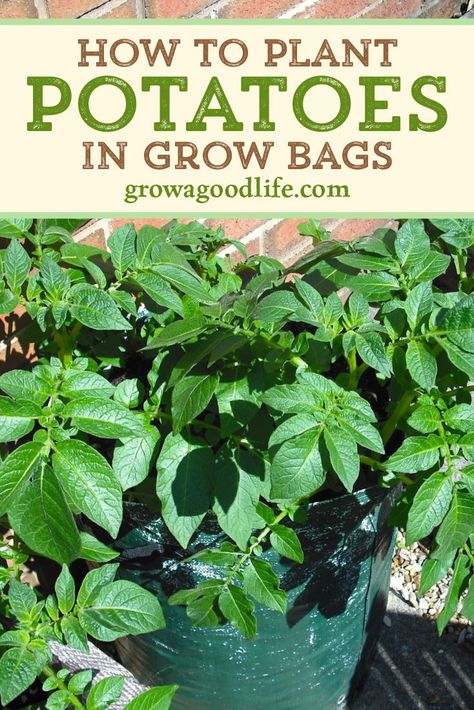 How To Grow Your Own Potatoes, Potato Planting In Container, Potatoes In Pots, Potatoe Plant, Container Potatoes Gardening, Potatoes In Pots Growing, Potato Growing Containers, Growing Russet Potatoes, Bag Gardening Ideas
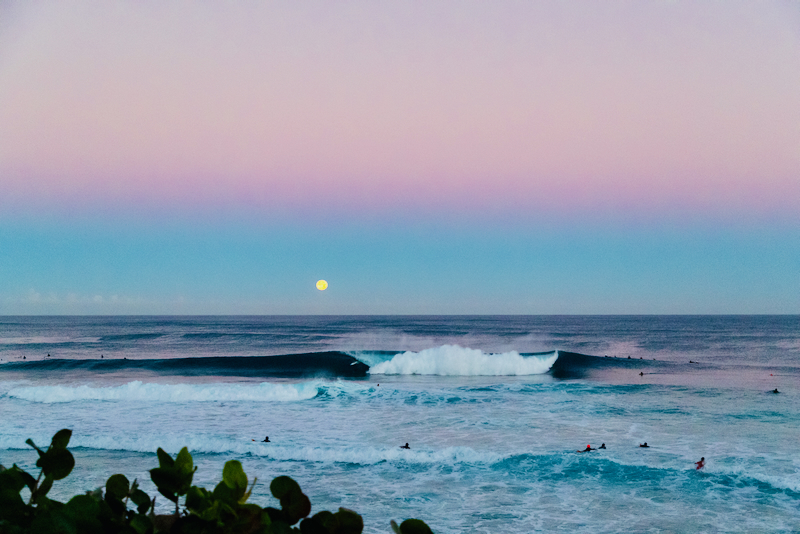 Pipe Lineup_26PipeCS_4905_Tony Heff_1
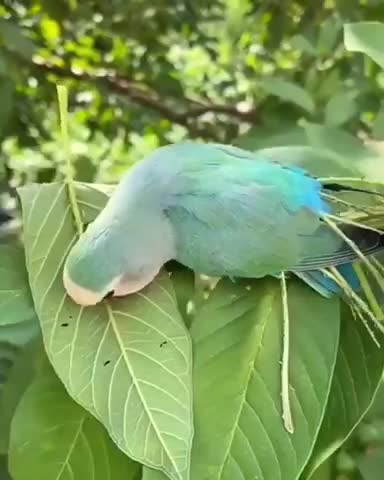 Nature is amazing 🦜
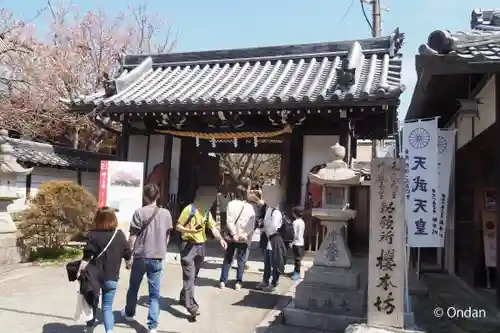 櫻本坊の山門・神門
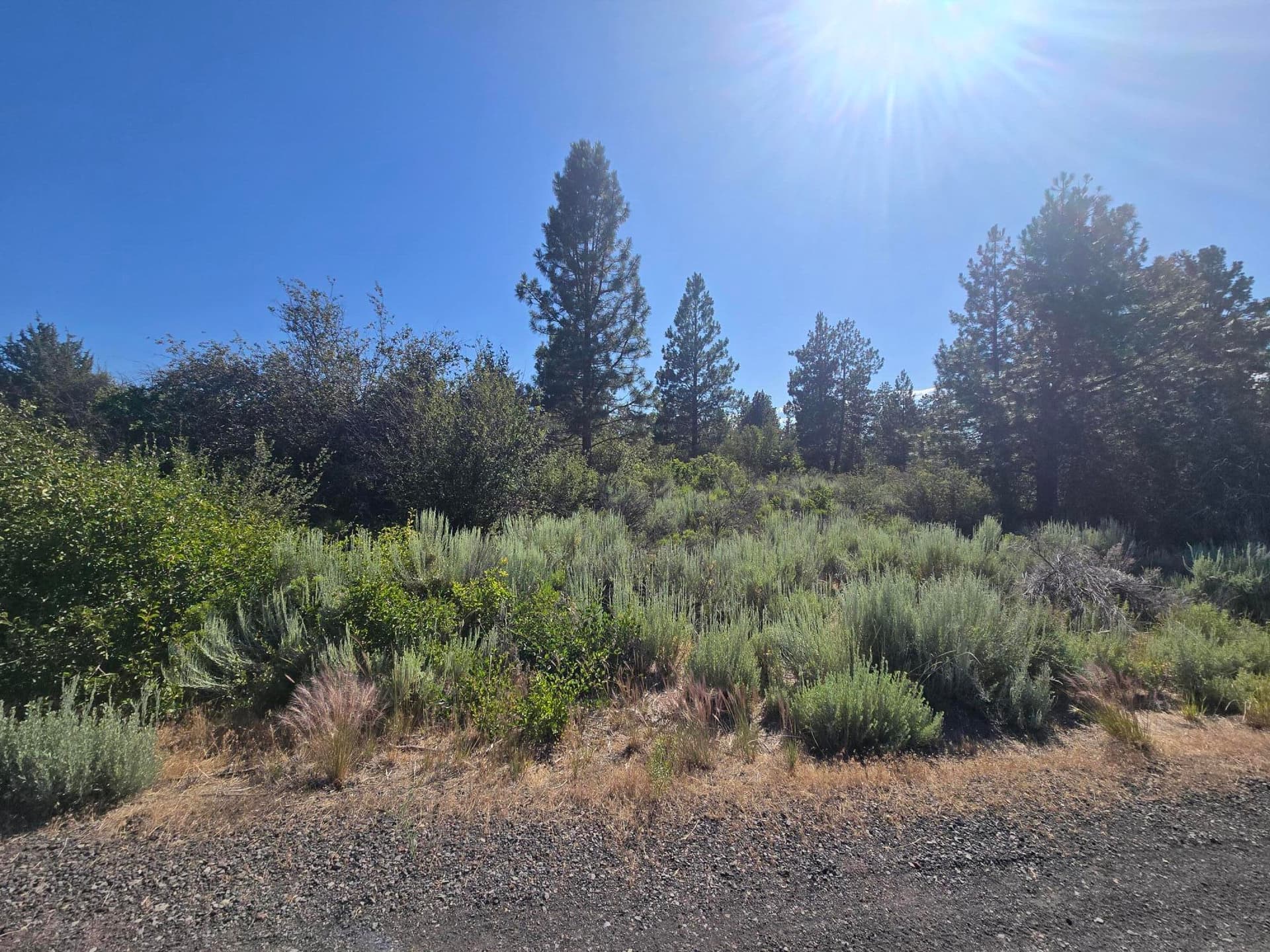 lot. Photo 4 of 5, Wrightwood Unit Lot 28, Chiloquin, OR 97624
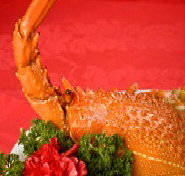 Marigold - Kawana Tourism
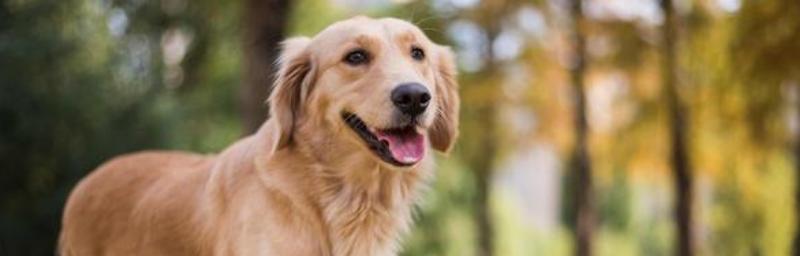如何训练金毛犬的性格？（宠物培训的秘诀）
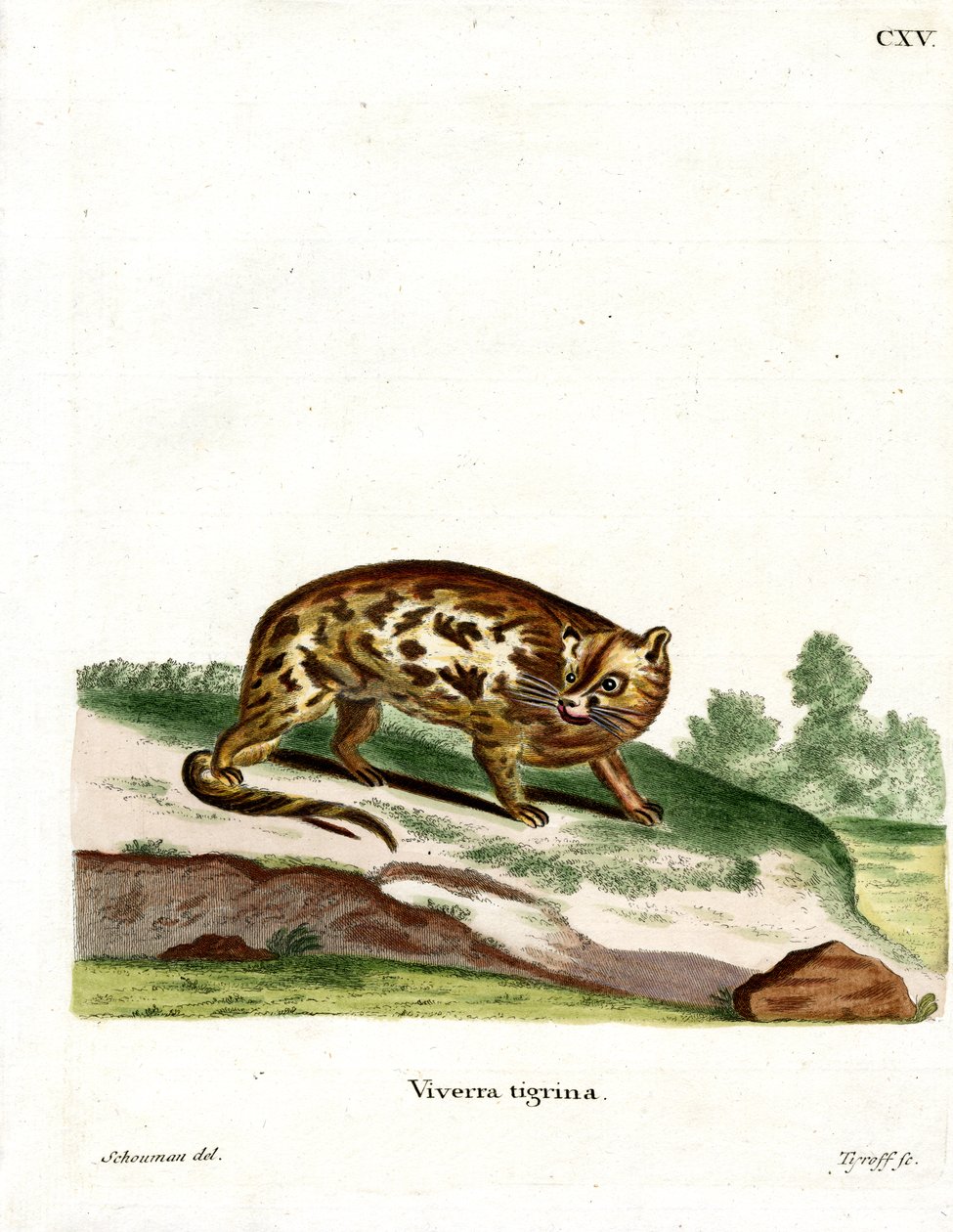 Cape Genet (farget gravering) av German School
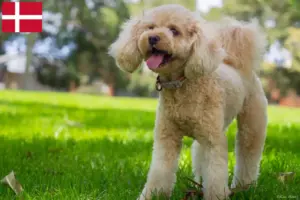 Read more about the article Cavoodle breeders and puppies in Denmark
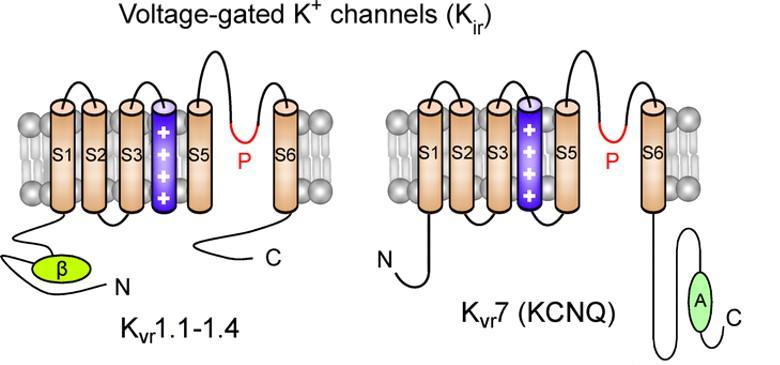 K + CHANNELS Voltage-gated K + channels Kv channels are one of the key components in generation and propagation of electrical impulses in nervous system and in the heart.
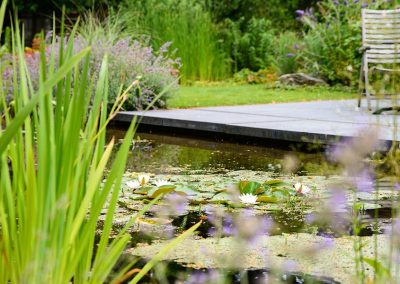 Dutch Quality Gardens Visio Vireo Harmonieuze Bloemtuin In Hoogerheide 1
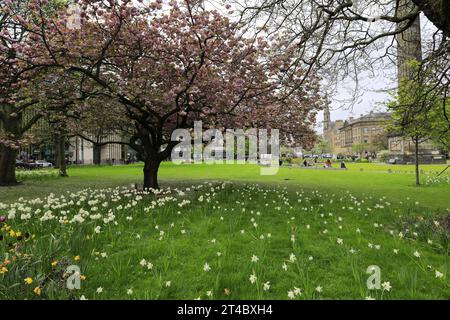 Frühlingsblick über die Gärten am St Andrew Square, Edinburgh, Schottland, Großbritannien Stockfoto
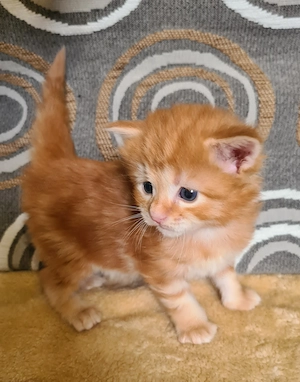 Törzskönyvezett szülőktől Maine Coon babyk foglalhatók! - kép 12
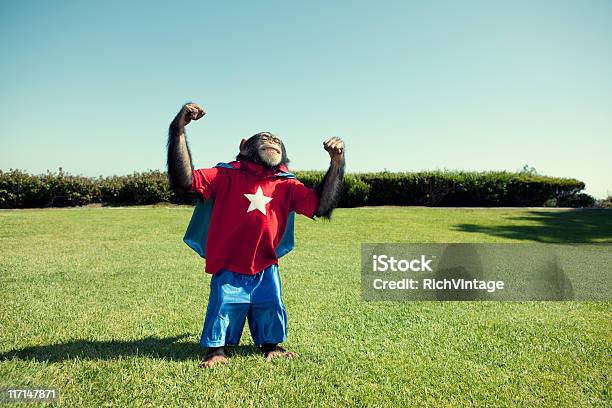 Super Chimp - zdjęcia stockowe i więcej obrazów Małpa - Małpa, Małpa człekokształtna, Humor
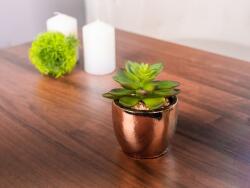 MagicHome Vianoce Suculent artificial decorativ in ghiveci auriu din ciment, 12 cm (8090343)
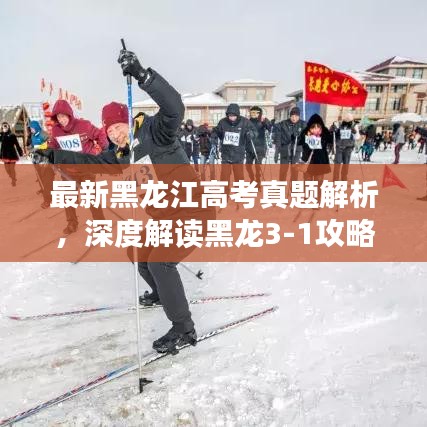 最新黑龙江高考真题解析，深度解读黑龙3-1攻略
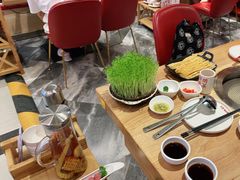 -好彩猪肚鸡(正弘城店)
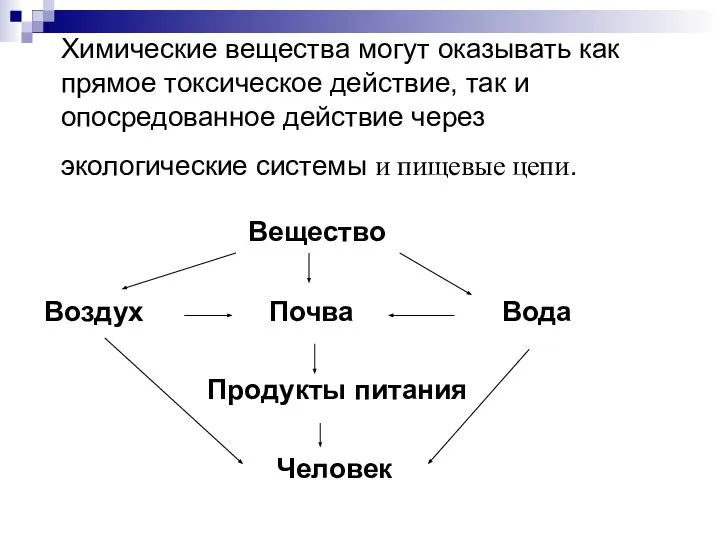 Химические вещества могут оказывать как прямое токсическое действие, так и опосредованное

:::::

• _TO DO_:
Could you repeat, exactly and with nothing else, the lines from the one containing "Nature is amazing 🦜" through the last line of the records above, leaving out the pictures?

• _EXERCISE OUTPUT_:
 Nature is amazing 🦜
 櫻本坊の山門・神門
 lot. Photo 4 of 5, Wrightwood Unit Lot 28, Chiloquin, OR 97624
 Marigold - Kawana Tourism
如何训练金毛犬的性格？（宠物培训的秘诀）
 Cape Genet (farget gravering) av German School
 Read more about the article Cavoodle breeders and puppies in Denmark
 K + CHANNELS Voltage-gated K + channels Kv channels are one of the key components in generation and propagation of electrical impulses in nervous system and in the heart.
 Dutch Quality Gardens Visio Vireo Harmonieuze Bloemtuin In Hoogerheide 1
 Frühlingsblick über die Gärten am St Andrew Square, Edinburgh, Schottland, Großbritannien Stockfoto
 Törzskönyvezett szülőktől Maine Coon babyk foglalhatók! - kép 12
 Super Chimp - zdjęcia stockowe i więcej obrazów Małpa - Małpa, Małpa człekokształtna, Humor
 MagicHome Vianoce Suculent artificial decorativ in ghiveci auriu din ciment, 12 cm (8090343)
 最新黑龙江高考真题解析，深度解读黑龙3-1攻略
 -好彩猪肚鸡(正弘城店)
 Химические вещества могут оказывать как прямое токсическое действие, так и опосредованное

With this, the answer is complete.